Tak jak Szymon Hołownia będę głosował na mniejsze zło. Postawię na samorządowca, bo liczę, że będzie to szansa na rozwój Piekar Śląskich. Ktoś musi w końcu przerwać zwiększanie kosztów i zmniejszanie dochodów naszego miasta. Coraz wyższe dopłaty do edukacji i służby zdrowia. Na utrzymanie Szpitala Miejskiego mieszkańcy Piekar Śląskich dokładają 16 milionów złotych rocznie! Na szkoły Piekarzanie wydają jeszcze więcej bo ponad 31 milionów złotych! Zadania rządu finansujemy my w kwocie sięgającej rocznie niemal 50 milionów złotych! Ile niezbędnych inwestycji można by za to wykonać? Ile dróg wyremontować? Ile basenów postawić…
Wieloletni prezydent Gliwic – Zygmunt Frankiewicz, który ze swojego miasta stworzył najbogatsze miasto na Śląsku jest przerażony dzisiejszą sytuacją. Jak mówi: “Samorząd tonie. Podczas koniunktury został zdołowany finansowo, ale dobito go w czasie epidemii. Jest dramat. Większość samorządów w Polsce jest dziś pod wodą. Jeszcze trochę takich rządów, a samorząd – to, co jest najwartościowsze w państwie, a z czego obywatele może nie zdają sobie sprawy – może być zniszczony”. (wywiad z Zygmuntem Frankiewiczem)
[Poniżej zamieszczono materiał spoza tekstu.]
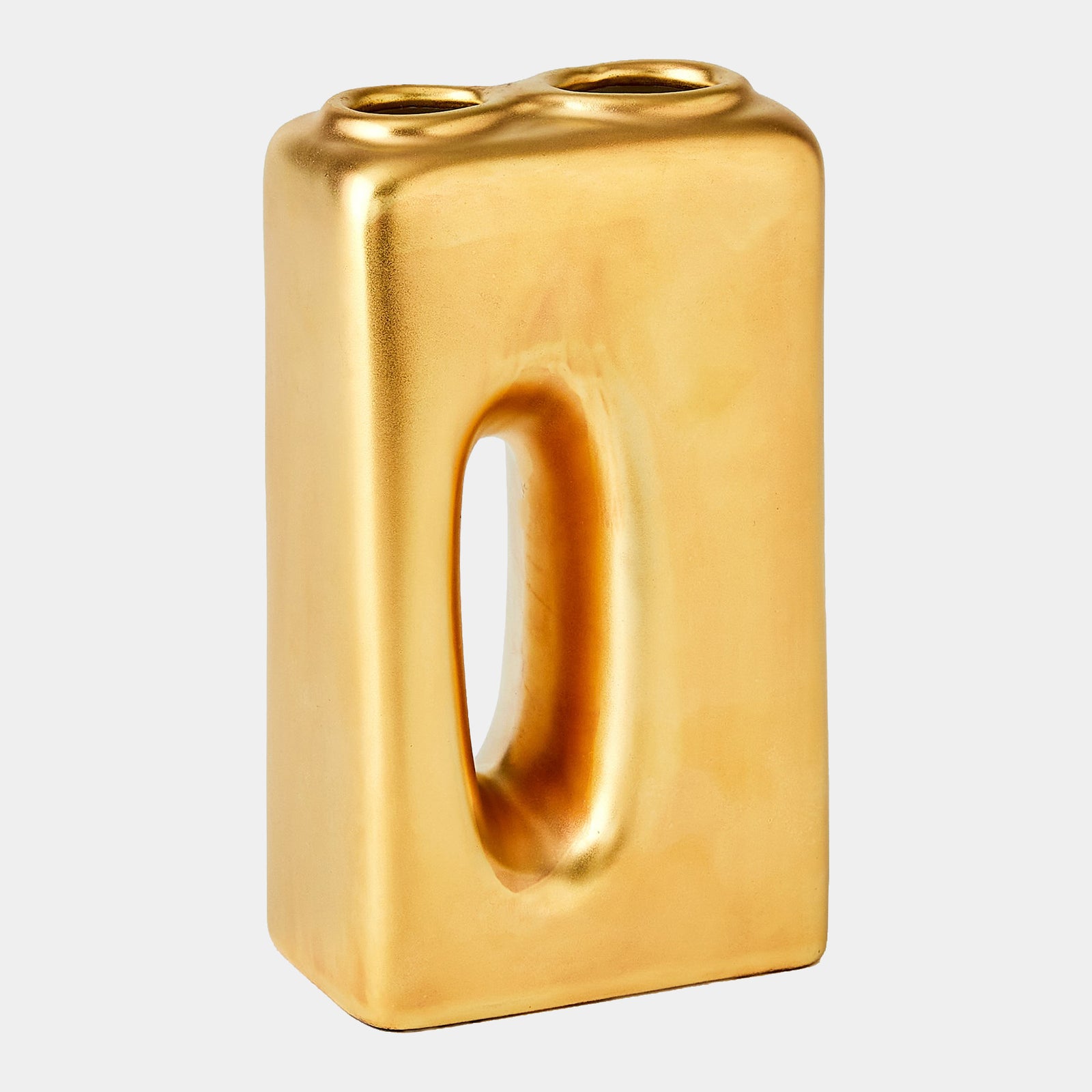 111000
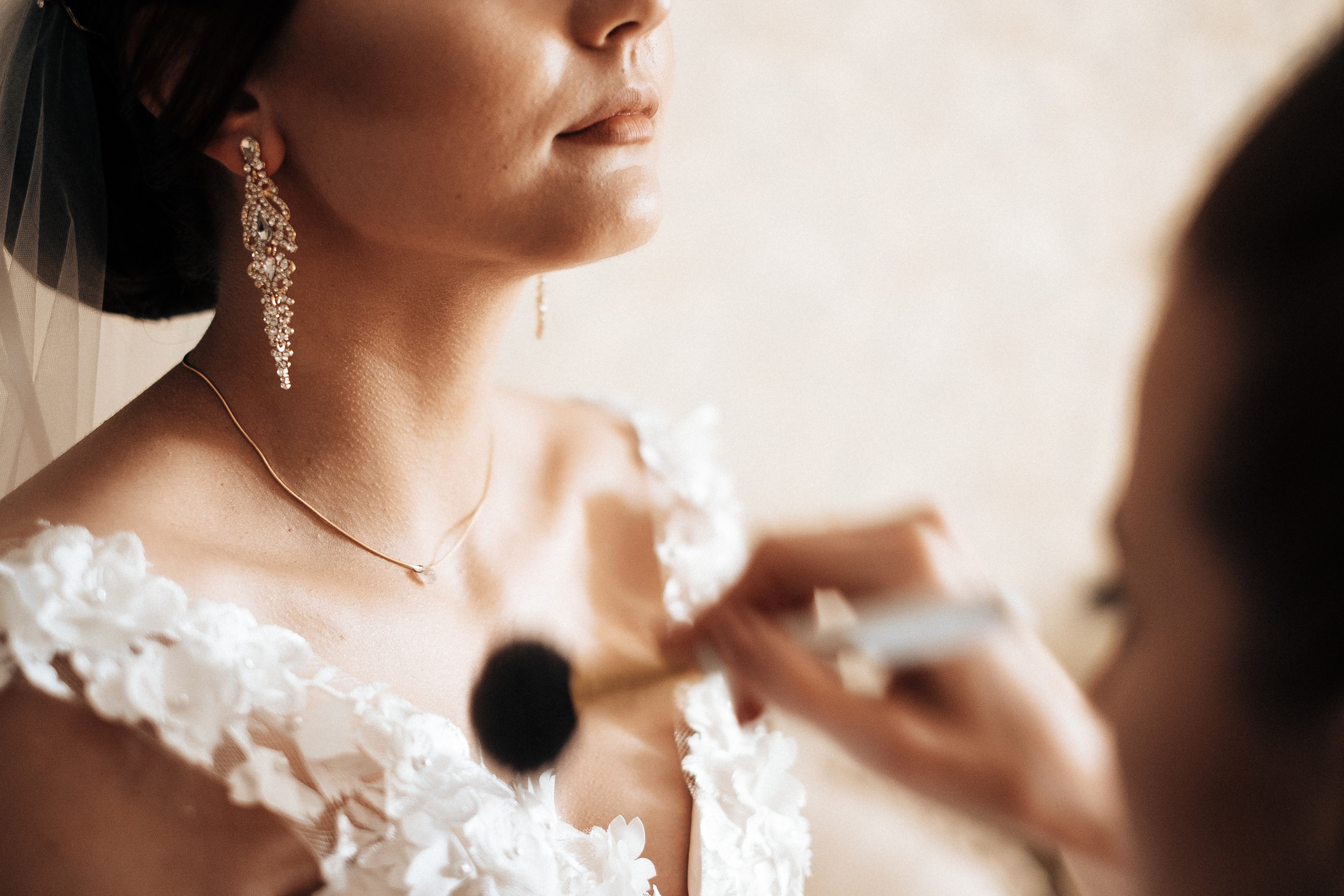 СВАДЬБА 20.07.2019 Дима+Катя. Ivan Skufinsky — wedding and family photographer in Vancouver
Dziś w polityce decydują nie argumenty, ale emocje. To nimi rozgrywa się wyborców. Nie każdy zna szczegóły finansowania, skomplikowane zasady podziałów środków i przepływy podatkowe. To myli się nawet radnym… Dlatego w niedzielę pójdę głosować zgodnie z interesem Piekar Śląskich, naszego miasta. Zagłosuję na Rafała Trzaskowskiego, choć zdecydowanie wolałbym Szymona Hołownię. Do tego i Was zachęcam – do wsparcia samorządu. Jeśli macie inne poglądy – głosujcie na Andrzeja Dudę. Nie ma jednej prawdy, jednego punktu widzenia i jedynie słusznych poglądów. Możemy się różnić i dalej żyć obok siebie, współpracować, a nawet się lubić mimo tego, co nas różni. Przedstawiam swój punkt widzenia, akceptuję, że możecie mieć inny. Bardzo często tego nam w dyskusji politycznej brakuje.
Kiedy nie ma już innych argumentów, w internecie znajdziecie te z przymrużeniem oka. Kiedy nie wiesz na kogo zagłosować, wybierz tą parę, która lepiej wygląda… To oczywiście żart, ale wyborcy mają przeróżne motywacje. Czasami mogą się wydawać niezrozumiałe, ale takie są reguły gry.
Dziś najważniejszy jest udział i podjęcie tej decyzji. Prawdziwą miarą demokracji i sukcesu jest frekwencja. Mam nadzieję, że będzie wysoka i sięgnie 65 procent. Sukcesem będzie nasz udział w podejmowaniu świadomej decyzji, a nie ostateczny wynik, który obie strony powinny uszanować.
Prezydent – ktokolwiek nim zostanie – powinien reprezentować nas wszystkich. Konserwatystów i liberałów, wierzących i niewierzących, wykształconych lepiej i gorzej, zarabiających godne pieniądze i tych ledwo wiążących koniec z końcem. Piekarzan, Ślązaków, Polaków. Nas wszystkich.